BORED-er Crossing

Off and on for the past several years, some faction of my family has made a trek to San Miguel de Allende, Mexico to celebrate the holiday season.  This year, my brother Don and I planned to start the new year right by spending the month of January across the border in our “home away from home.”   Eager to outrun the dropping mercury, we narrowly escaped the sleet storm that hit Dallas on Christmas day, only to take a two day delay due to a little matter of a lost passport.  I am not mentioning any names, but it wasn’t mine.  😉

Mom: “Can I make you a sandwich?”

At 84 years young, our Mom still packs the best “sack lunch” going.  Don with his ice chest full of cervezas and I with my bag of Target Malbec (throw away the box, and you’ve got a portable Boda bag!)  were settled in for a long night.

The bus was late getting out of Dallas, and the eternal traffic hell that is I-35 through Austin only slowed us down more.  It would be 11:00pm before we finally rolled up to the US border, feeling like the only bus in town.  Until, that is, we hit the bridge.   The buses were backed up all the way across the Rio Grande, waiting to clear Mexico customs.

A Texas Truck Stop, fer shore!

What does one do while sitting on a bus for twenty-four hours?   Well, lemme tell ya, it can get pretty boring, pretty fast!   Once the sun goes down, there is little in the way of entertainment outside of tail lights and truck stops.

If you speak Spanish (and are hard of hearing!!) there is usually a Mexican movie.  There is always sleeping of course, if you are good at alternating butt cheeks.  And there is the alphabet of ipoding, from the Allman Brothers to ZZ Top.

My, how time flies with CHOCOLATE!

Or you can eat….and eat…..and eat again!

“Are you gonna finish that whole bag??”

Two hours into our four hour border crossing, a Mexican man in a baseball cap (our own “coyote”…hehe!)  boarded the bus and made the announcement that we could all pay ten bucks a person to try to bribe the customs officials to let us through the border more quickly.  This potentially meant not  having to disembark, drag all the bags off the bus, trudge single file through the luggage x-ray machine, play “Red Light Roulette” with their random stop light selection process where we, the unlucky tourists, get a “deep dive” through our contraband of imported cheeses.   Don and I laughed about this possibly being the most stupid investment of ten bucks we had ever made, but everyone else seemed to be ponying up.  Besides, what’s ten bucks when you are crossing the border with a hundred bucks worth of gourmet food items for our “foodie friends” on the other side?

Two hours and two bus lengths across the Rio Grande

Finally, as the fourth hour rolled around, it was our turn in the inspection bay.   They pulled a couple of people off the bus….one guy who was importing rice, and a couple of others for reasons we could not translate.

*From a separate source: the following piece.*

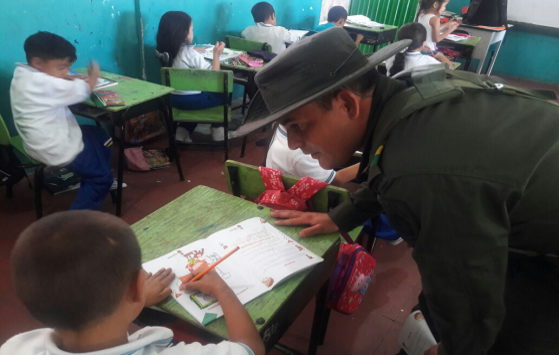 Experiencia-iniciativa-comunitarias-barrio-la-juventud – sector-norte-(Bucaramanga) Experiencia-iniciativa-comunitarias-barrio-la-juventud – sector-norte-(Bucaramanga)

But we soon heard the “woosh” of the closing bus door as we let out a simultaneous sigh of relief.   We were rolling out of the inspection bay without having to unload the entire bus!   It may have been our stack of ten dollar bills as a bribe.  It may have been the fact that Laredo was experiencing an unseasonable cold snap, and all the border guards were bundled up in hoods, hats, gloves, and mufflers, and didn’t want to come out of their cozy kiosk.  After twenty-four hours of bus-induced coma, it really didn’t really matter — we were just happy to be rolling again…

USA in our rear view mirror…

(All photos courtesy of mi hermano, Don Anthony)

2 thoughts on “BORED-er Crossing

  1. Well … just wow… I can’t believe they still do the bribe stuff. sigh

    I soooo envy you your relationship with your family. That is good stuff.